Brief descriptive captions:
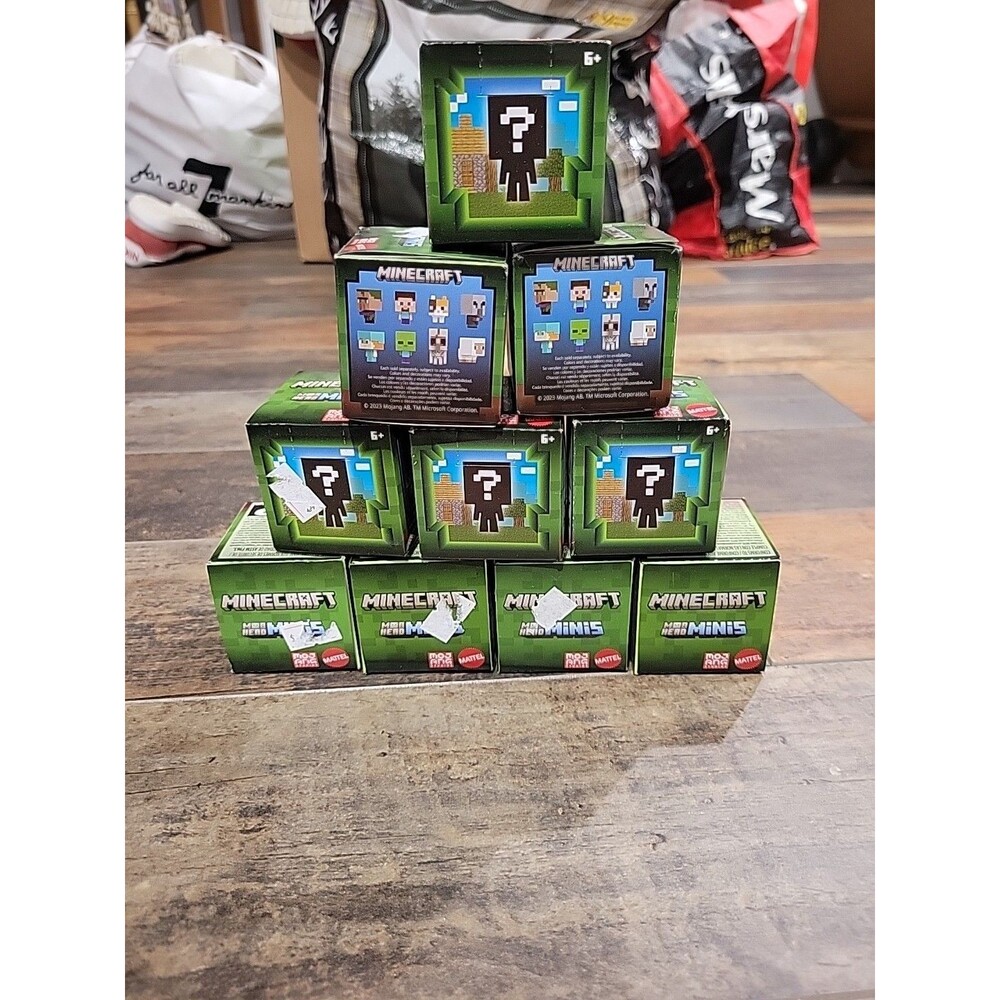 Mattel Minecraft Mob Head Mini Blind Box Figures NEW Lot Of 10 Green Box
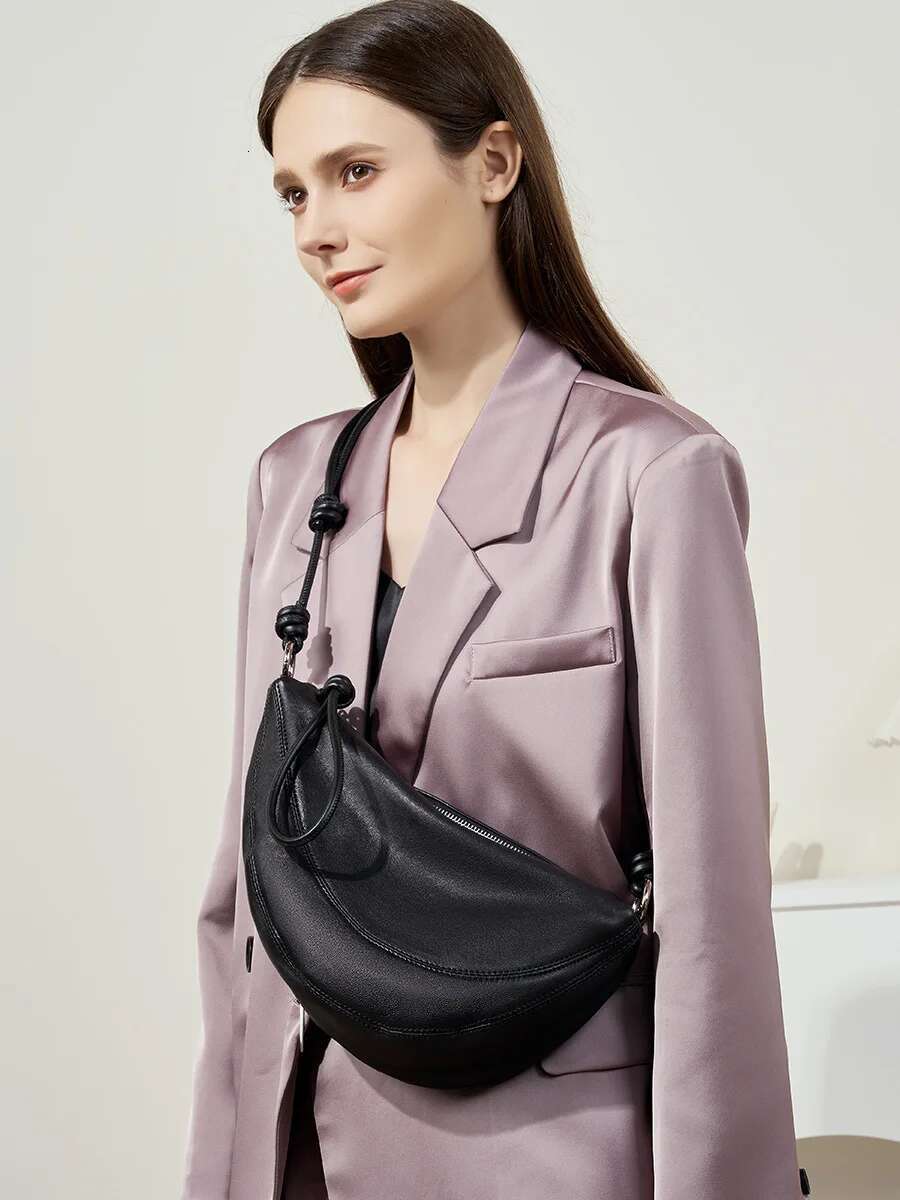 YANATARI Dumpg Leather Soft Leather Large Capacity Minimalist Crossbody Women Female Sier Bag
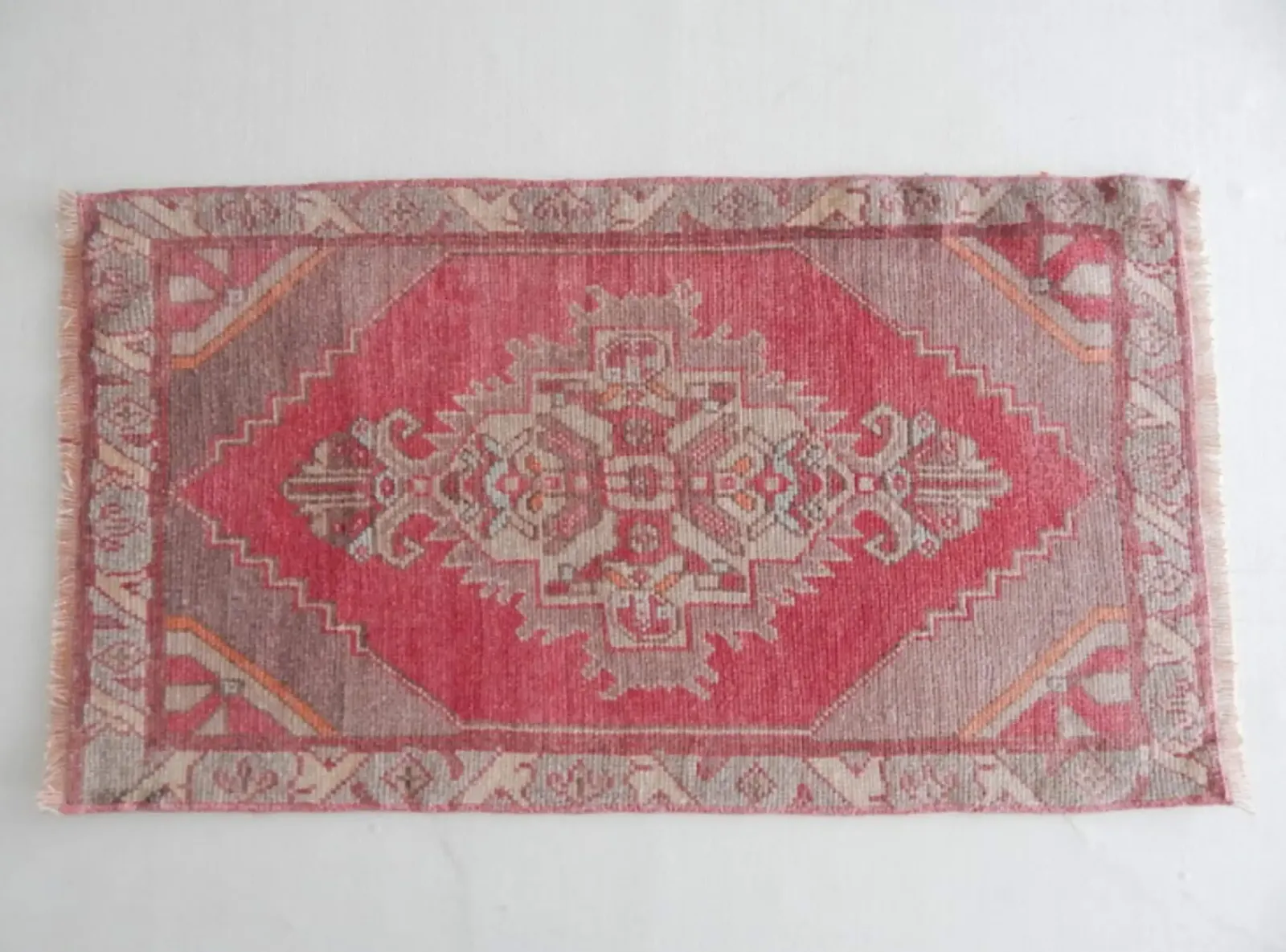 Distressed Low Pile Small Turkish Hand Knotted Yastik Rug 1′10″ × 3′3″ photo buy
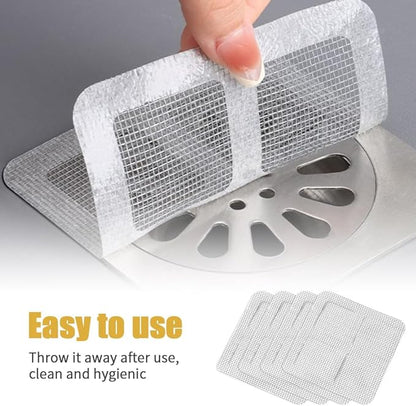 Disposable Hair Drain Stickers, Upgrade Disposable Shower Drain Cover Hair Catcher Bathroom Shower Drain Protector, Mesh Cover Floor Drain Sticker, Square Screen, Easy to Install (30)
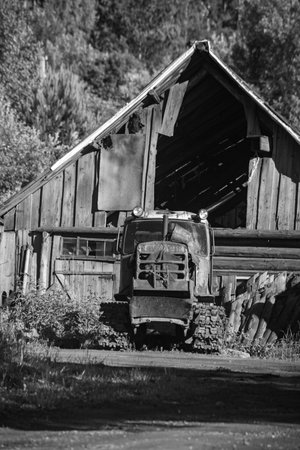 Old truck on the side of the road. black and white photo.の写真素材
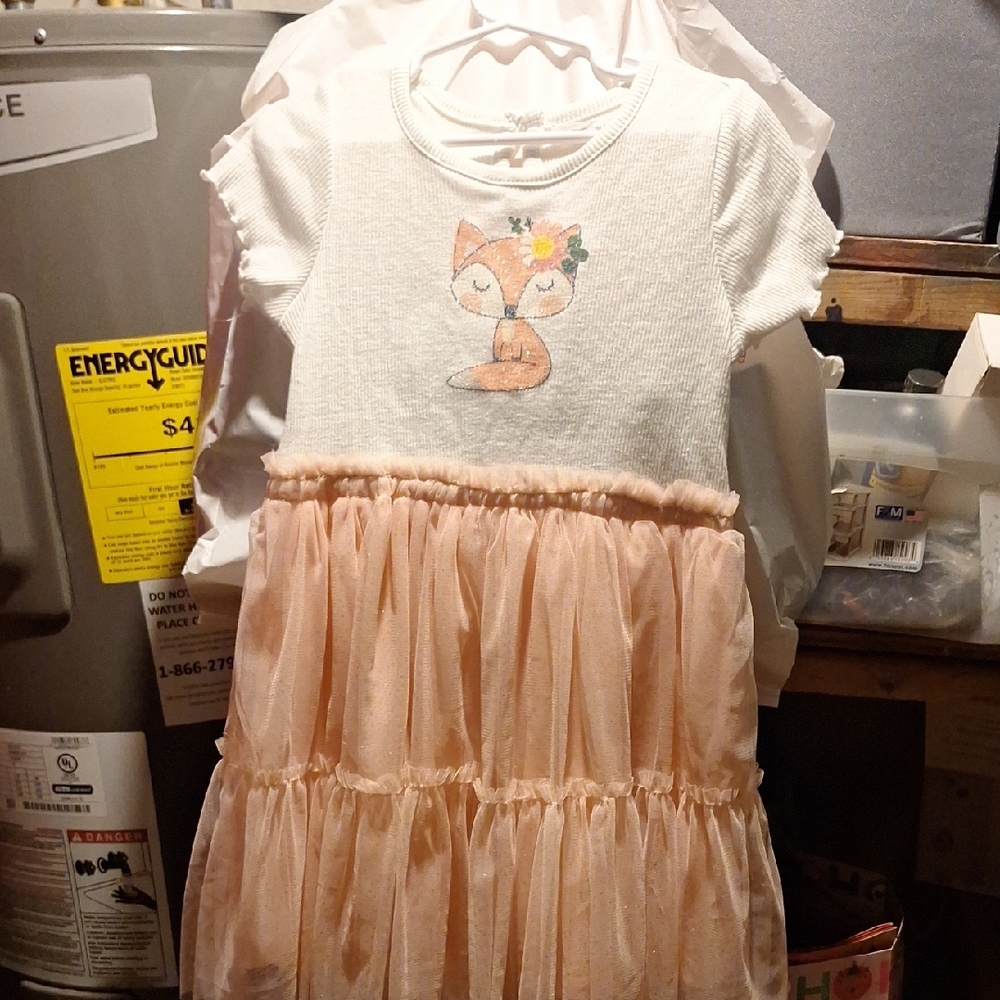 Girls' Peach Fox Tiered Tulle Dress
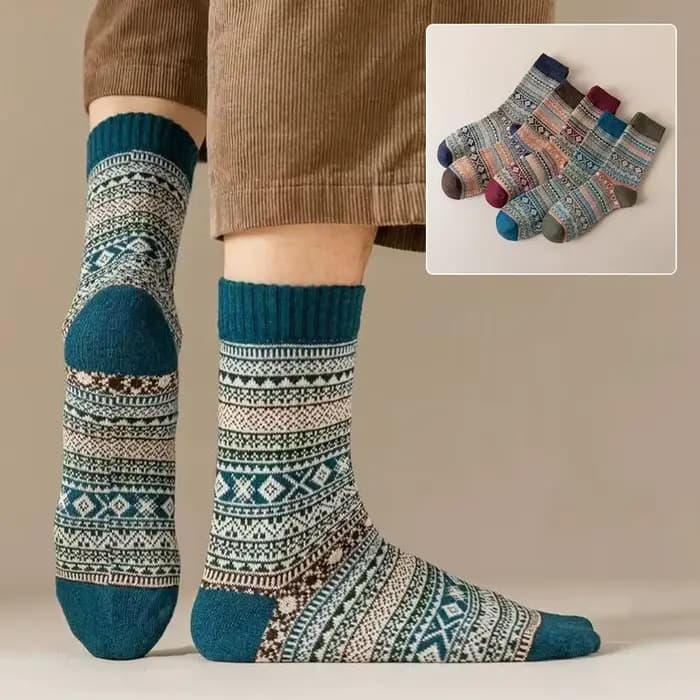 Chaussettes d'hiver en laine optique pour hommes
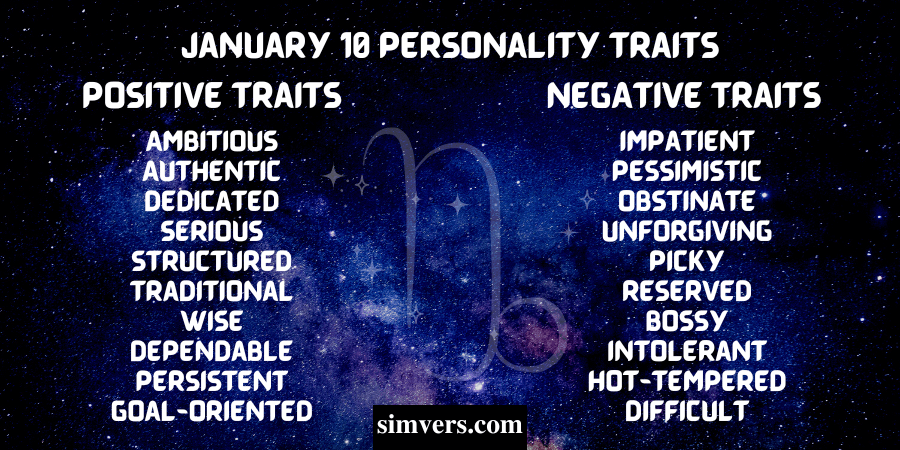 January 10 Personality Traits
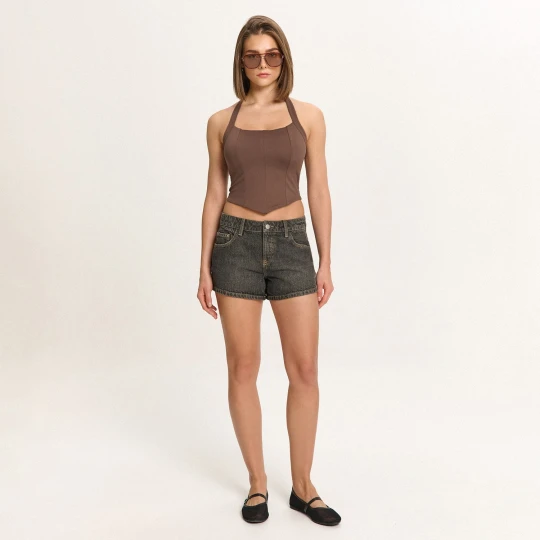 Zdjęcie produktu Cropp - Szare jeansowe szorty z efektem sprania - szary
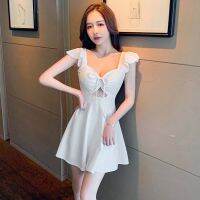 KTV princess dress spice skirt hollow out sexy low-cut dress beauty salon high-end overalls female health division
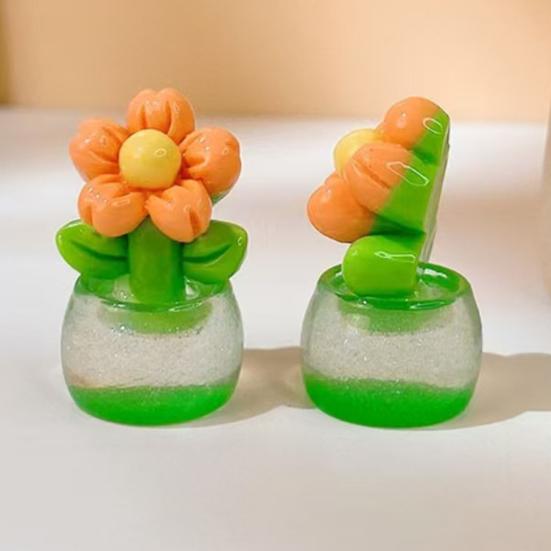 Yousheng 2 Pcs Mini Resin Artificial Flower Figurine Tiny Glow in The Dark Potted Flower for Dollhouse Miniature Landscape Home Office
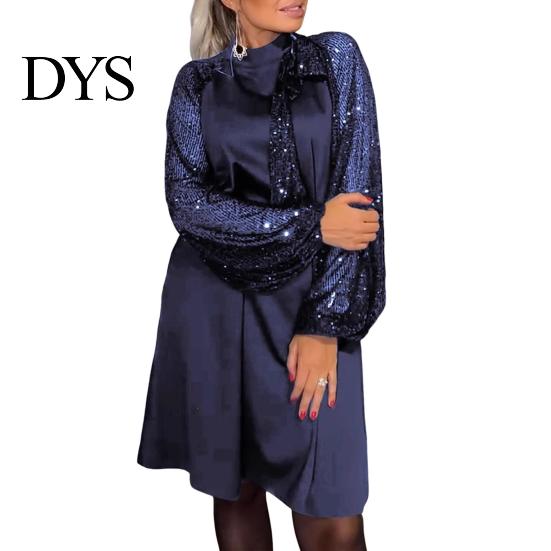 Sequin Embellished Dress Women Round Neck Lace-up Strap Shiny Patchwork Long Sleeves Midi Spring Party Loose Solid Color Knee Length Autumn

**EXERCISE INSTRUCTIONS**:
In the records above, find the line that contains "Yousheng 2 Pcs" and repeat exactly that line and all lines after it to the end. Do not include pictures.

**RESULT OF THIS TASK**:
 Yousheng 2 Pcs Mini Resin Artificial Flower Figurine Tiny Glow in The Dark Potted Flower for Dollhouse Miniature Landscape Home Office
 Sequin Embellished Dress Women Round Neck Lace-up Strap Shiny Patchwork Long Sleeves Midi Spring Party Loose Solid Color Knee Length Autumn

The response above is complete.